What you have to do ▸
Repeat all of the data word for word so that only the pictures are missing from the copy.

Data for review ▸
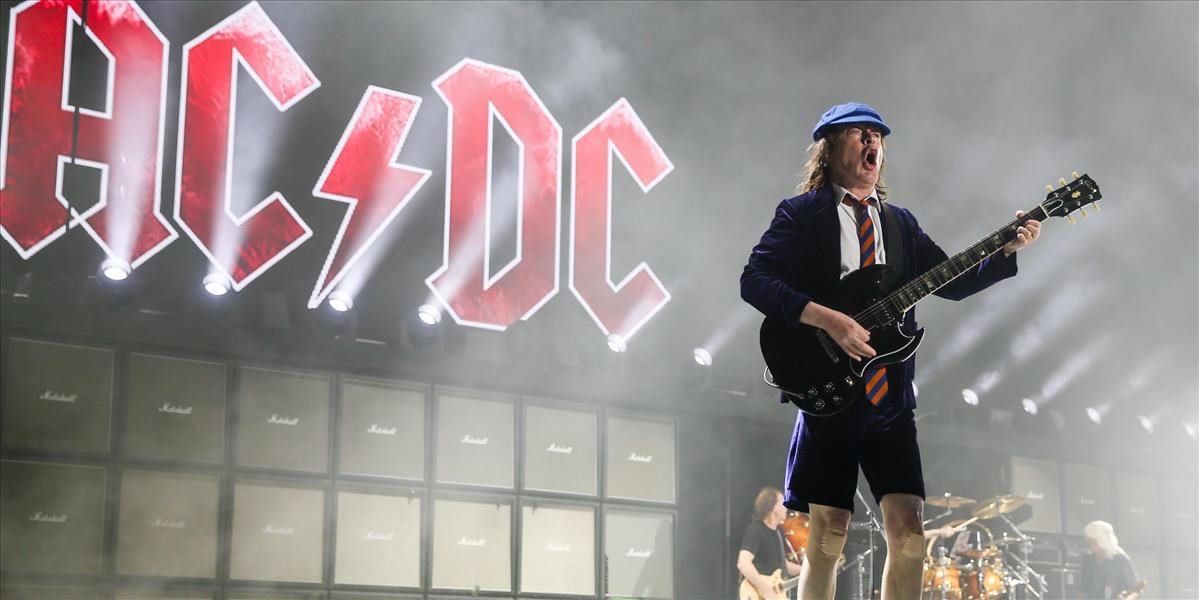 Rocková legenda AC/DC zahrá vo Viedni aj Prahe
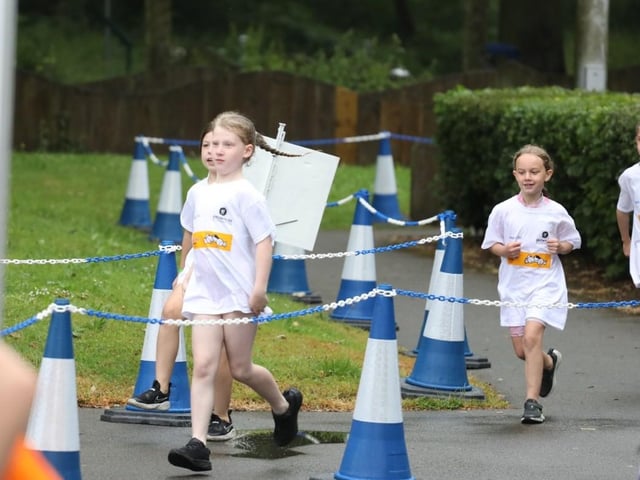 Corby - Kids of Steel at Corby International Swimming Pool complex
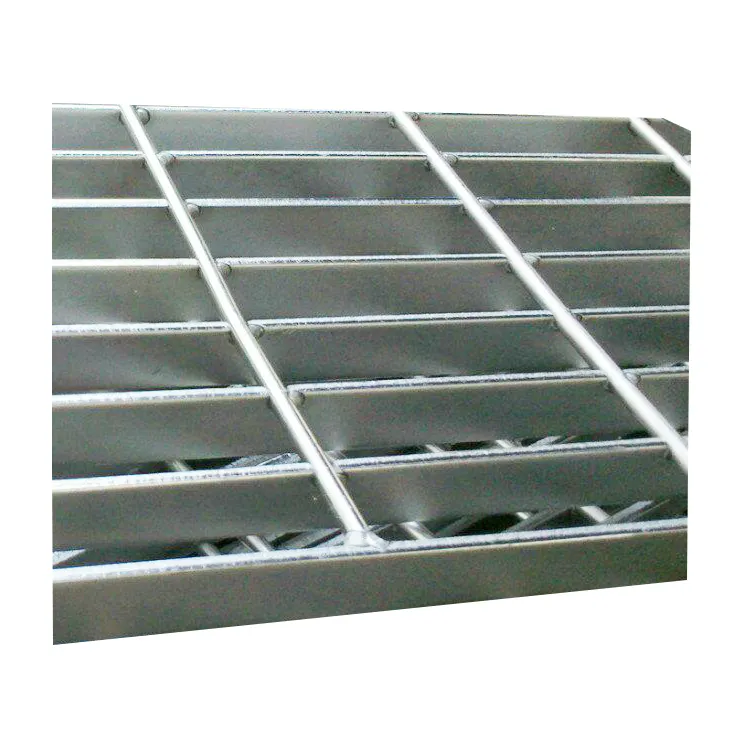 Materiali da costruzione in metallo travetto per pavimenti zincato a caldo passerella grata in acciaio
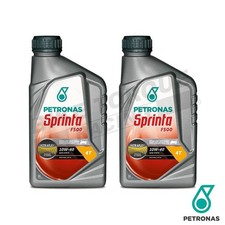 Petronas Sprinta F500 10W40 2L Engine Oil for Yamaha XVS 250 Dragster 2001-2003
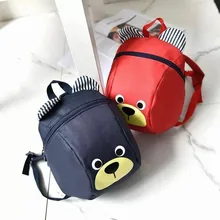 Рюкзак с животным узором для новорожденных и детей постарше, От 1 до 5 лет для мальчиков и девочек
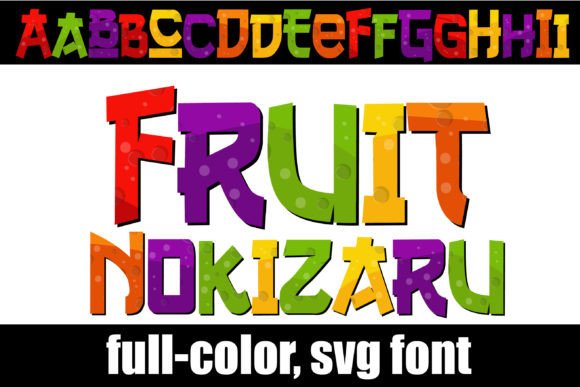 Fruit Nokizaru Font: Boost Your Campaigns with Ninja-Inspired Typography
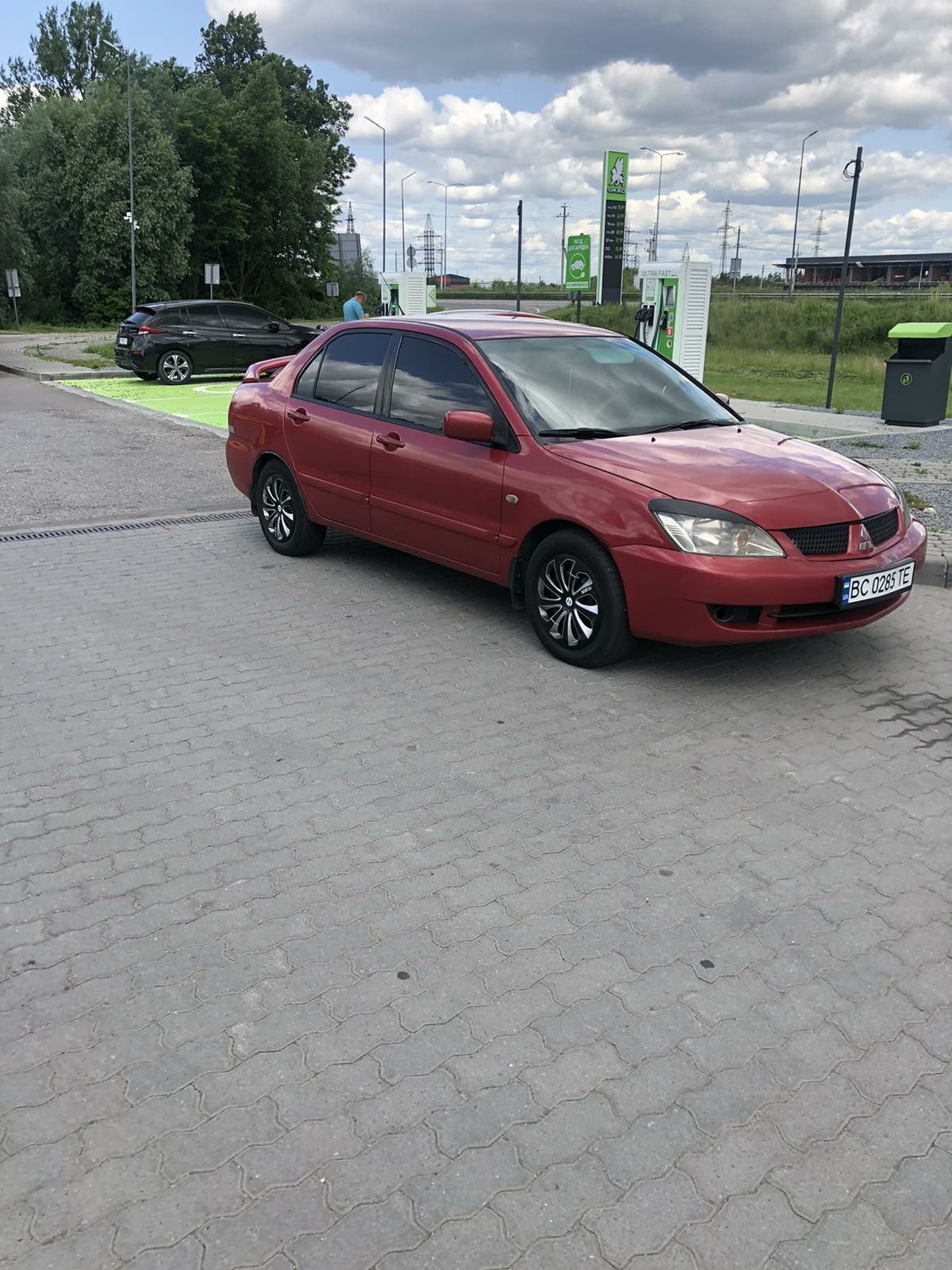 Mitsubishi ручка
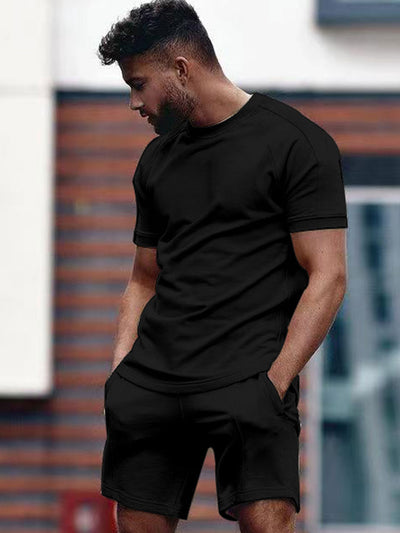 Conjunto Deportivo Hombre: Camiseta Manga Corta Casual - Image 3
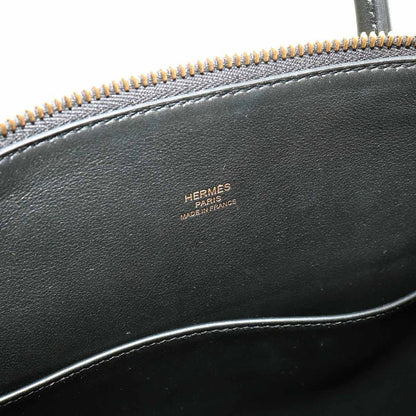 Hermes Bolide 1923 30 2-Way Bag Taurillon Noviyo Black — view 8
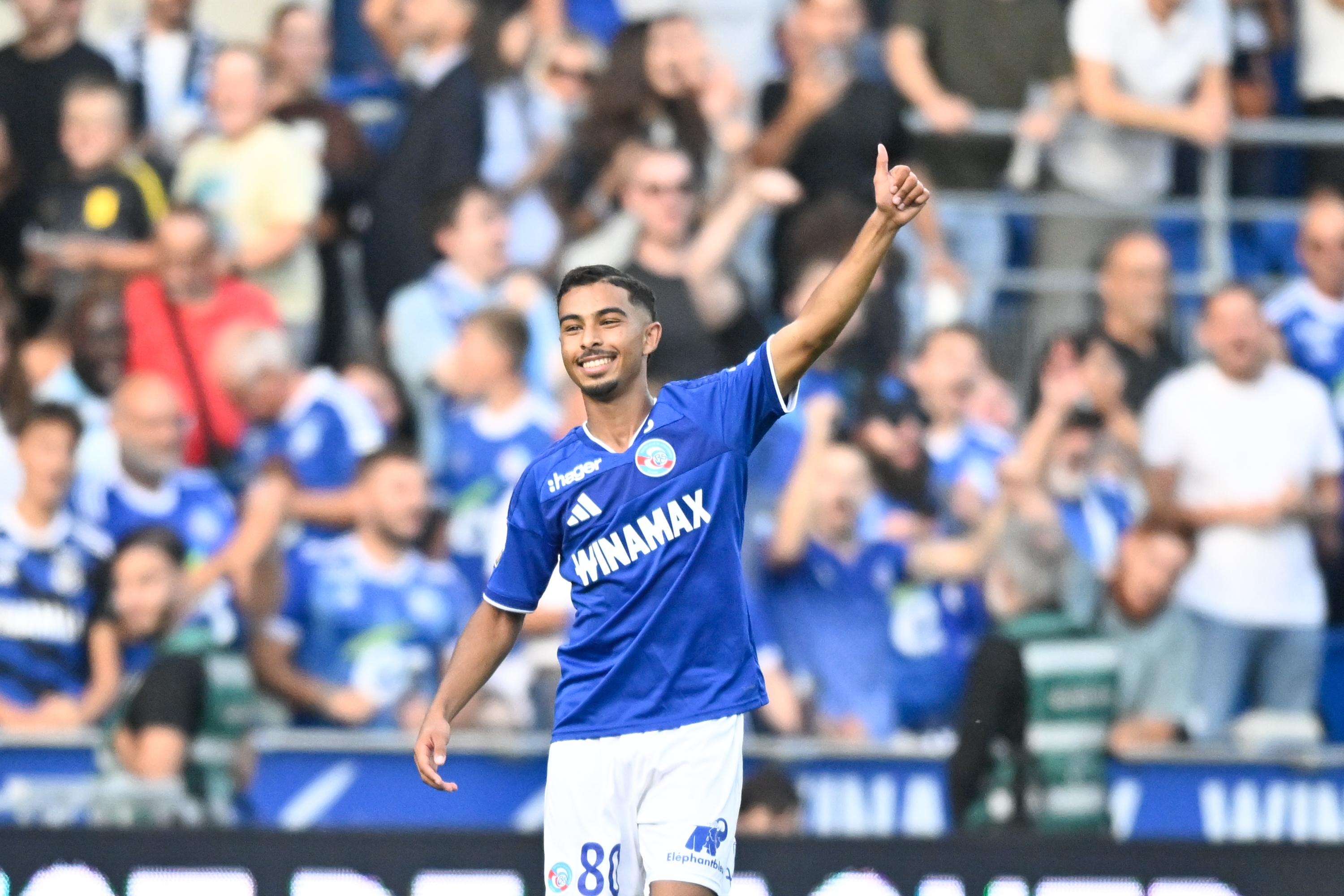 Strasbourg-Lens : le film de la victoire du Racing face à Lens dans un match à rebondissements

Result of the task ▸
 Rocková legenda AC/DC zahrá vo Viedni aj Prahe
 Corby - Kids of Steel at Corby International Swimming Pool complex
 Materiali da costruzione in metallo travetto per pavimenti zincato a caldo passerella grata in acciaio
 Petronas Sprinta F500 10W40 2L Engine Oil for Yamaha XVS 250 Dragster 2001-2003
 Рюкзак с животным узором для новорожденных и детей постарше, От 1 до 5 лет для мальчиков и девочек
 Fruit Nokizaru Font: Boost Your Campaigns with Ninja-Inspired Typography
 Mitsubishi ручка
 Conjunto Deportivo Hombre: Camiseta Manga Corta Casual - Image 3
 Hermes Bolide 1923 30 2-Way Bag Taurillon Noviyo Black — view 8
 Strasbourg-Lens : le film de la victoire du Racing face à Lens dans un match à rebondissements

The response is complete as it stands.